Here’s my belated tupporth on Theo, penned long after the issue’s been battered around the interwebs and beaten into digital submission.
Something’s likely to give this summer, one way or the other, because the run-the-contract-down option is unlikely to come to pass. Hence the stories that we are now seeing – whatever the truth in them.
Dipping my toes into Twitter today, it strikes me – reminds me is perhaps more accurate – how much Theo Walcott polarises people.
There’s lively debate on how far Arsenal should stick their necks out to keep him. We don’t know what’s going on behind the scenes but I’d guess that it’s safe to say that Arsenal would rather he had dotted and crossed a new deal already – although the crossing might have gone off the page – not because he has blossomed into the world’s deadliest winger, but because the club has long had a policy of securing young players on long contracts to protect its investment. (This same policy has, of course, backfired in some respects, as Arsenal find themselves unable to offload certain other players, but let’s gloss over that one for a moment. As you were. Carry on).

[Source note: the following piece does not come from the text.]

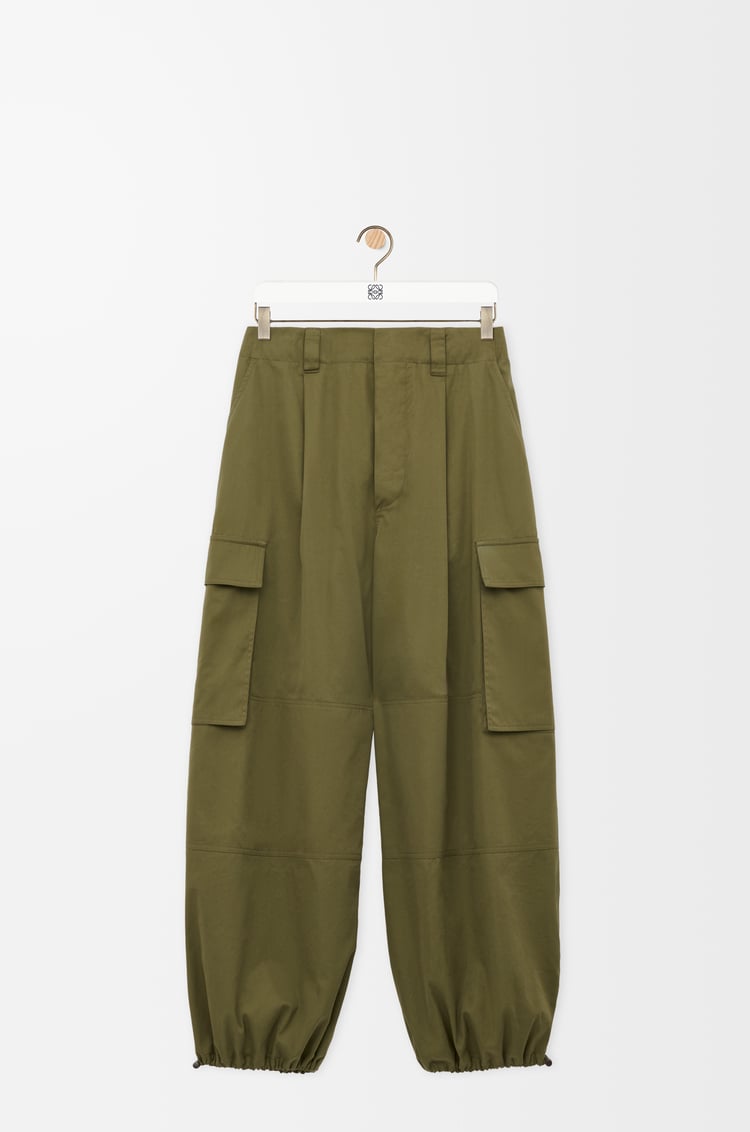 Loewe Cargo trousers in cotton and silk 1 Colours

For the sake of argument, let’s say he’d stay if given £100k a week. No footballer is of course worth this kind of money, not in real life, but football as we known is far removed from reality. I suspect that kind of wage is pretty attainable for a 23-year-old English player, a regular international, with improving stats and zero personal baggage.

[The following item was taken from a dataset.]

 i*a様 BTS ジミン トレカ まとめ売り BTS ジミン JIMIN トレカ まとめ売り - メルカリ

So that’s what he could probably get – potentially more depending who’s interested. That’s the market.
I’ve gnawed my fists more times than I can remember at his inconsistency – 7amkickoff’s got some good numbers to chew on – but my own view is that Walcott’s worth persevering with. There aren’t many players who are the finished article at 23. Theo has been catapulted into the limelight from the age of 15, but in the end he’s been something of a slow starter. He has however just had his most profitable season – and if you think what he was like at 20, compare that to now, and add three years of improvement, there’s no reason to think he won’t be better yet at 26.
But it’s complicated. As Arseblog says, if Arsenal want keep him, and he’s prepared to stay, then they’re going to have to swallow the cost – within reason – whether they think it represents good value for money or not.
If it’s all about the money, then he can probably hold the club to ransom and force its hand. If he wanted £150k a week, for example, well then he’d quite frankly be off his rocker – and Arsenal would be right to refuse.
Financial reasons for leaving – those I have grown to understand (reluctantly and bitterly) within the context of the last decade of petro-money. But if he doesn’t want to stay for other reasons and nothing would induce him to do so, then those reasons I’d find more troubling.
Should this be the case, or even a part of it, then the club would do well to ask ‘why doesn’t he want to stay’?
Some of the answer might not be very palatable, but if he does end up going – and van Persie goes too – then the very least they should do behind the scenes is to address some of the reasons why, to stop it from happening again, like a broken record, year after year.
Of course, I might have emptied a half-full glass when there’s no need to, and gone too far down the doom route. I guess we’ll find out soon enough.